- [Assignment]: An exact copy of all the data, minus the images, is required.

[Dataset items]
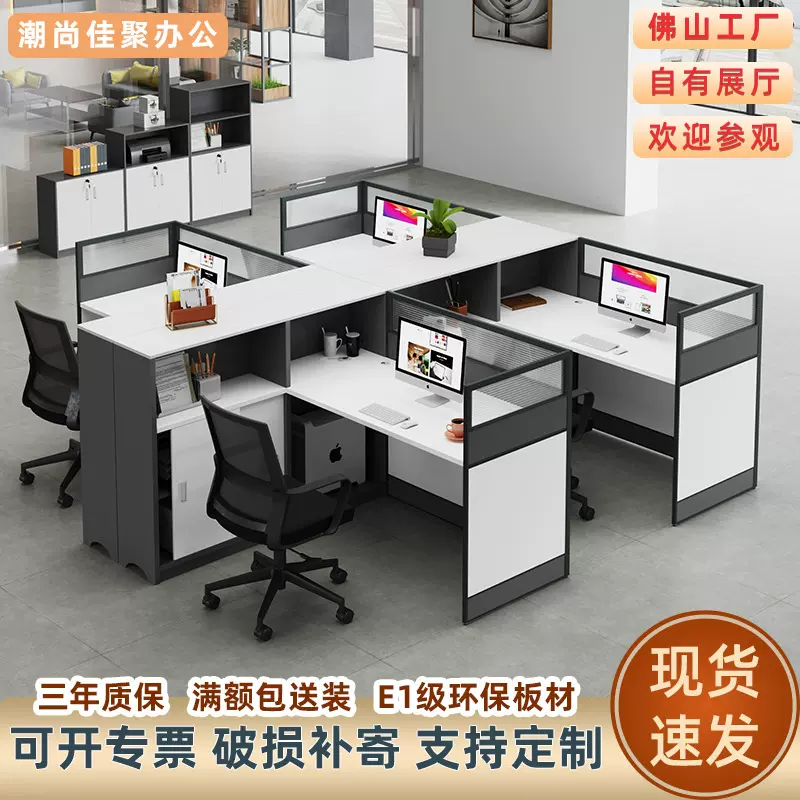 简约现代办公室职员办公桌2/4/6人工位办公桌子带柜子财务办公桌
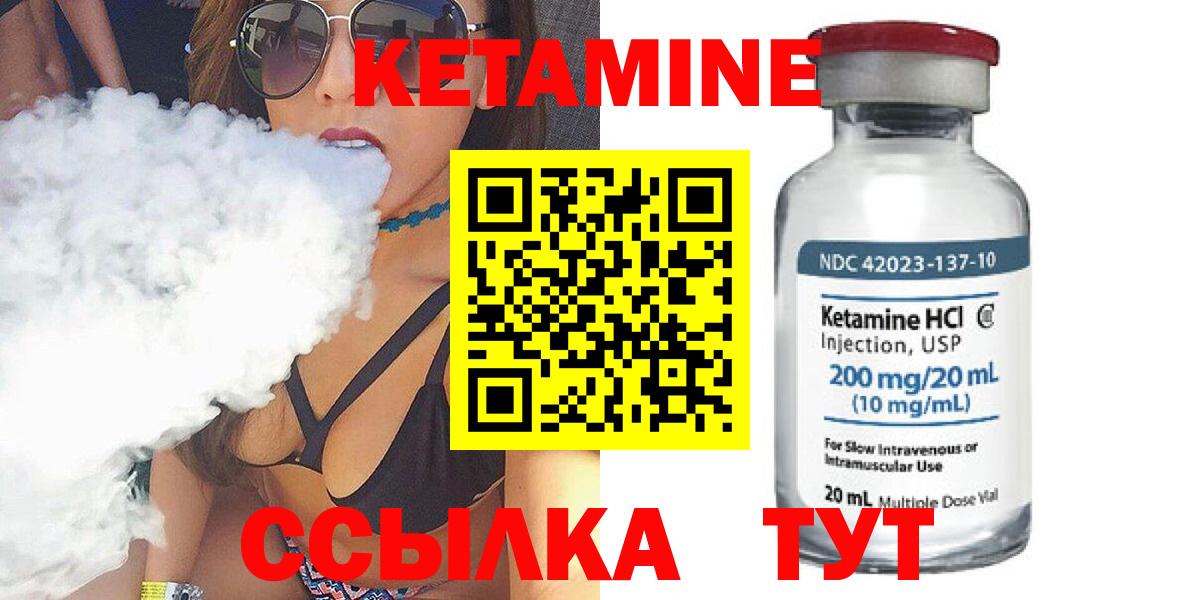 Кетамин ketamine  Вход с VPN  Кудрово  КЕТАМИН VHQ 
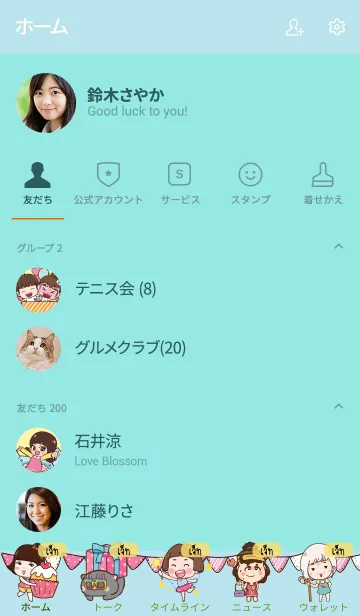 [LINE着せ替え] JET HBD V08の画像2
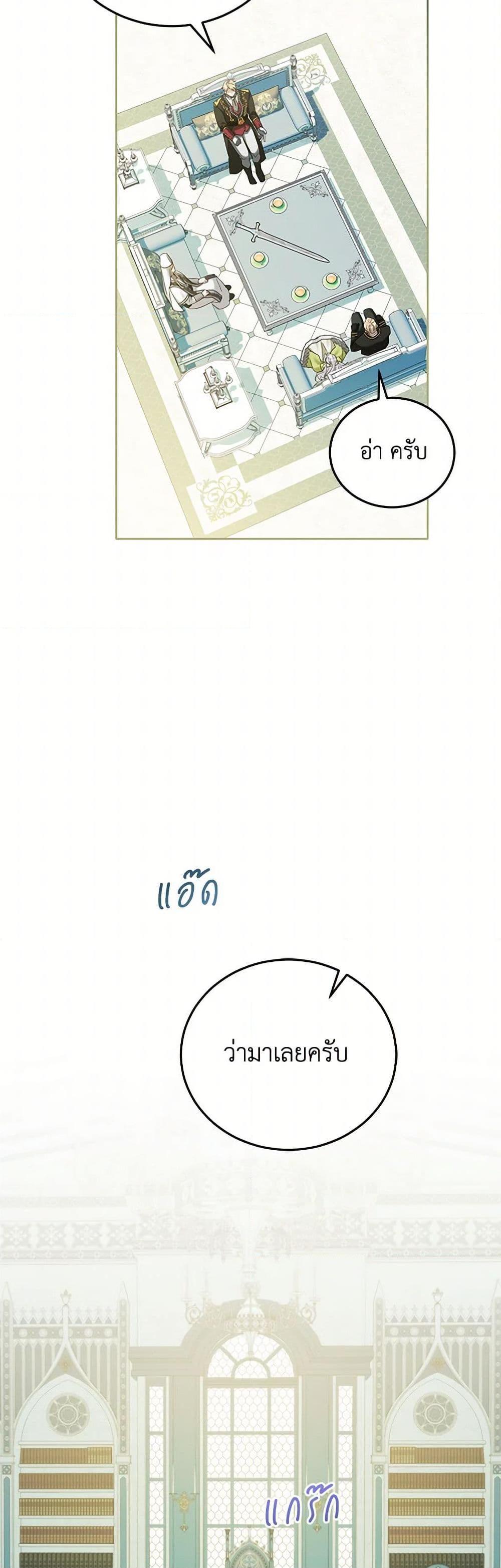 Manga-lc-com อ่านมังงะ อ่านการ์ตูน ออนไลน์ ฟรี The Hero’s Ready to Retire ตอนที่ 1 2 3 4 5 6 7 8 9 10 11 12 13 14 ฟรี ไม่มีโฆษณา Manga-lc - อ่าน มังงะ อ่าน การ์ตูน ออนไลน์ อ่านมังงะ ฟรี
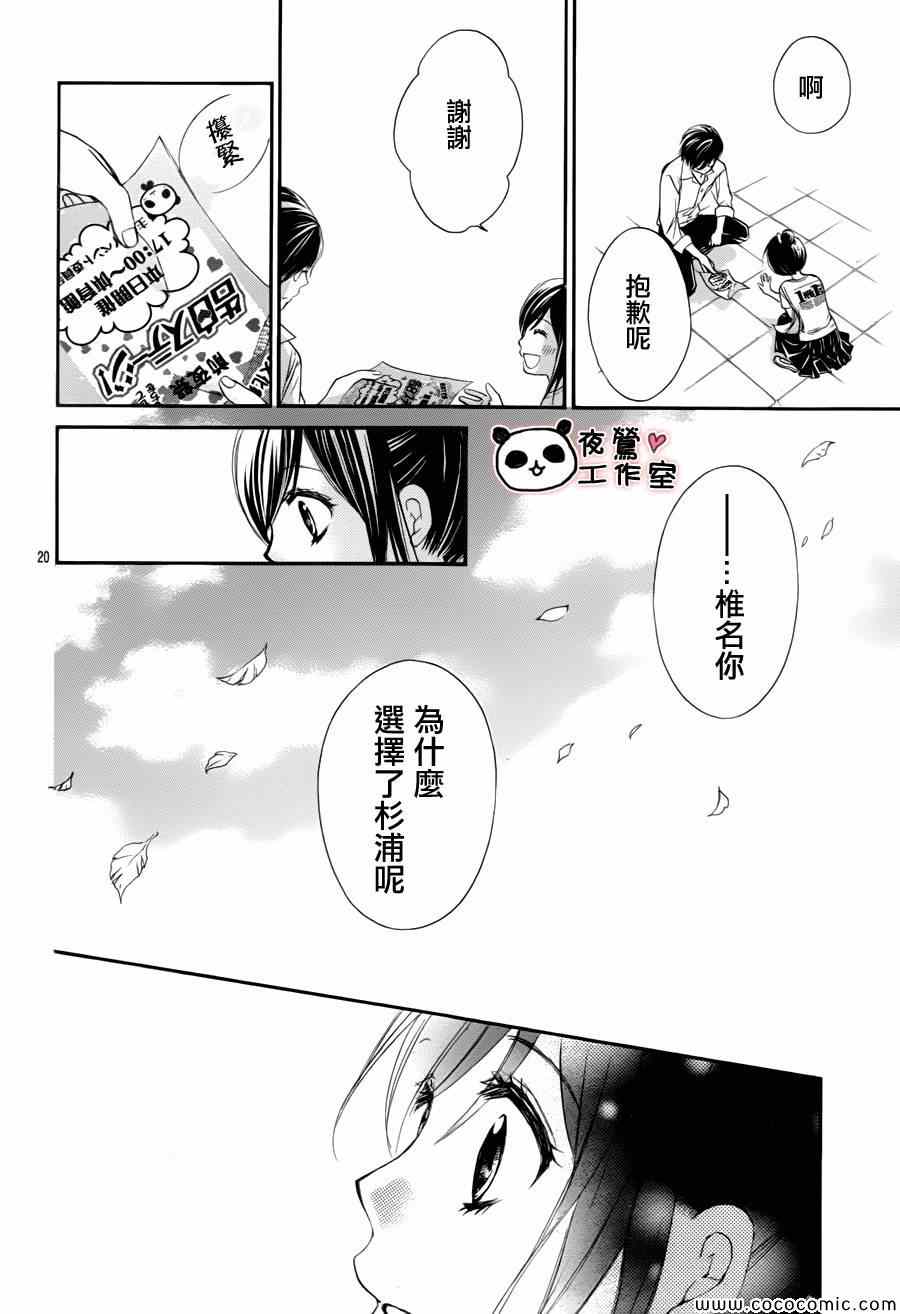 《蜂蜜初恋》漫画最新章节第35话免费下拉式在线观看章节第【20】张图片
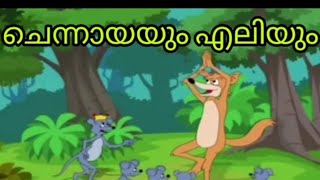 Malayalam story  ചെന്നായയും എലിയും  Chennayayum eliyum  മലയാളം കഥ [upl. by Ecar]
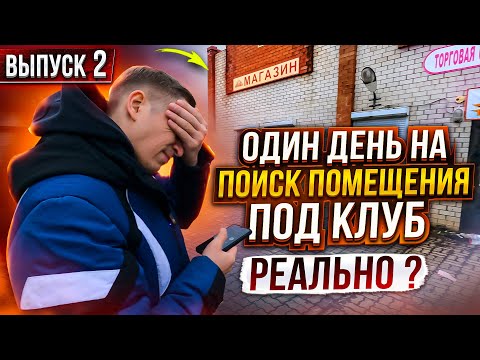 Видео: Открываем КОМПЬТЕРНЫЙ КЛУБ с нуля. #2 Поиск помещения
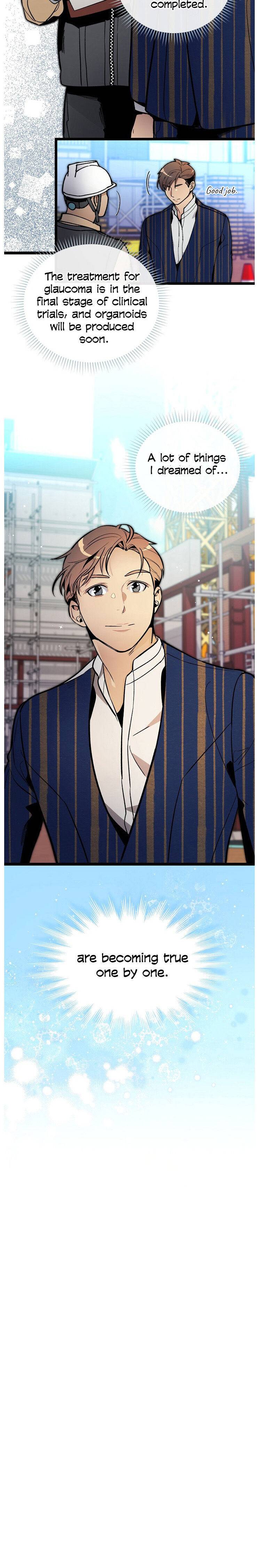Chapter 47 - Image 2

- [Task solution]:
 简约现代办公室职员办公桌2/4/6人工位办公桌子带柜子财务办公桌
 Кетамин ketamine  Вход с VPN  Кудрово  КЕТАМИН VHQ 
 [LINE着せ替え] JET HBD V08の画像2
 Manga-lc-com อ่านมังงะ อ่านการ์ตูน ออนไลน์ ฟรี The Hero’s Ready to Retire ตอนที่ 1 2 3 4 5 6 7 8 9 10 11 12 13 14 ฟรี ไม่มีโฆษณา Manga-lc - อ่าน มังงะ อ่าน การ์ตูน ออนไลน์ อ่านมังงะ ฟรี
 《蜂蜜初恋》漫画最新章节第35话免费下拉式在线观看章节第【20】张图片
 Malayalam story  ചെന്നായയും എലിയും  Chennayayum eliyum  മലയാളം കഥ [upl. by Ecar]
 Видео: Открываем КОМПЬТЕРНЫЙ КЛУБ с нуля. #2 Поиск помещения
Chapter 47 - Image 2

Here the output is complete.